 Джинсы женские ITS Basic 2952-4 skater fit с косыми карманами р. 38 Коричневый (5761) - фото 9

═══

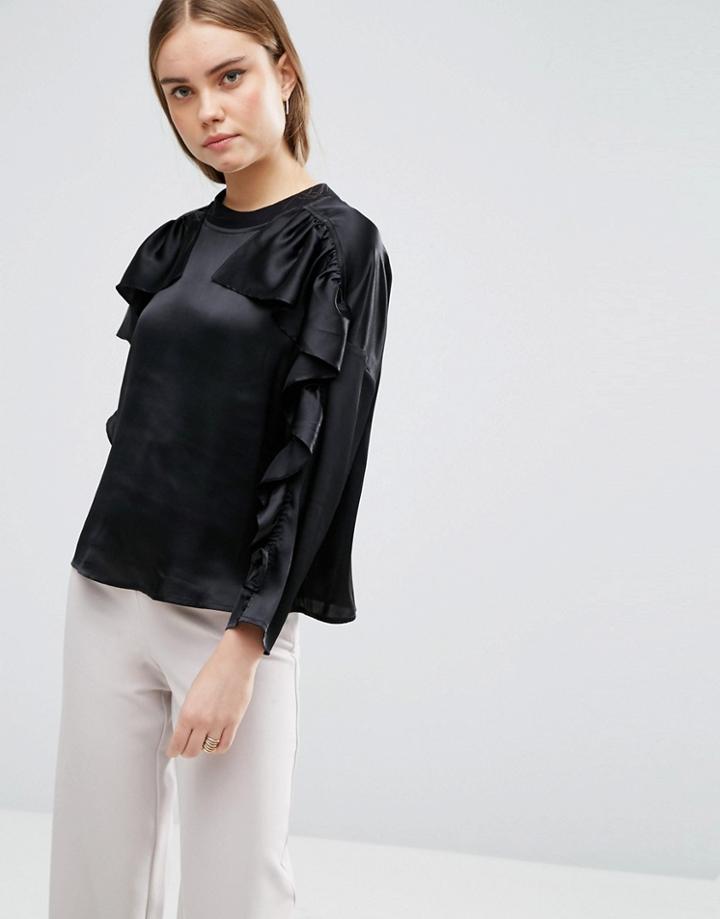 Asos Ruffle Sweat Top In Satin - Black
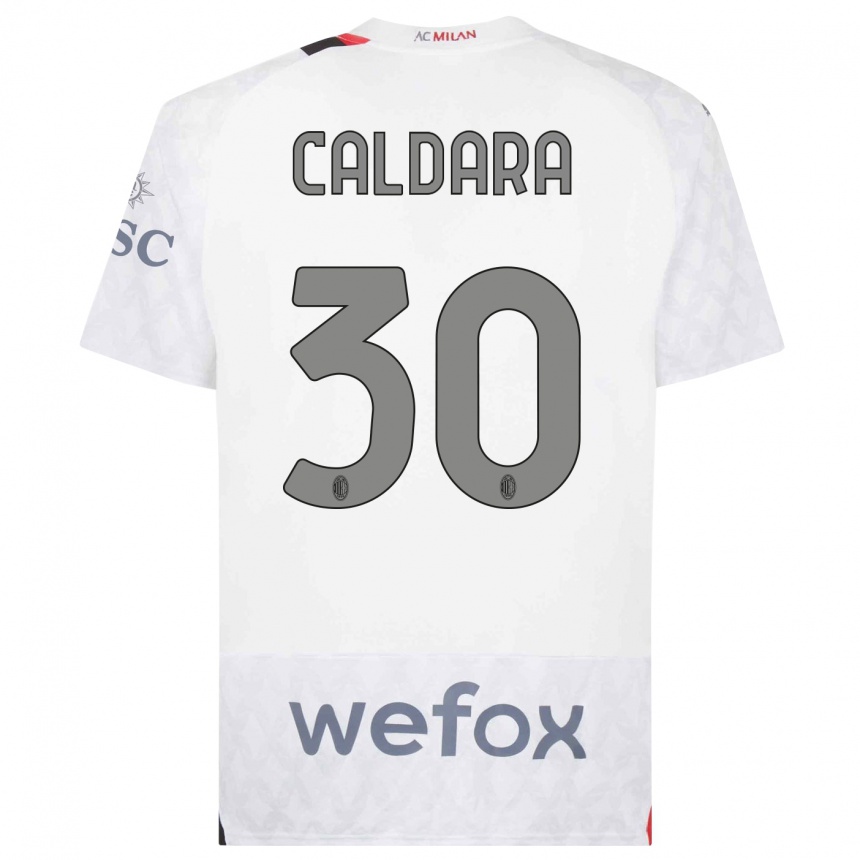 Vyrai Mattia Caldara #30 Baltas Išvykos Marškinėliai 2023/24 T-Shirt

═══

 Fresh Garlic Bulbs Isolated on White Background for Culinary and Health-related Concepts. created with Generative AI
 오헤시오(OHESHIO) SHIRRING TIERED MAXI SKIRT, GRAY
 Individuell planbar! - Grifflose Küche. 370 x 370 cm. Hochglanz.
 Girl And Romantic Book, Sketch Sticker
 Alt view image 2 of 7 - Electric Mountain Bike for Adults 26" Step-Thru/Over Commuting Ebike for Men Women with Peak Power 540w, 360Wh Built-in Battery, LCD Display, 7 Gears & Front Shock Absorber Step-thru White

═══

- Exercise objective
Reproduce exactly the lines above that run from the one with "Asos Ruffle Sweat Top In Satin - Black" to the one with "Vyrai Mattia Caldara", both included, leaving pictures out.

- Final answer
 Asos Ruffle Sweat Top In Satin - Black
 Vyrai Mattia Caldara #30 Baltas Išvykos Marškinėliai 2023/24 T-Shirt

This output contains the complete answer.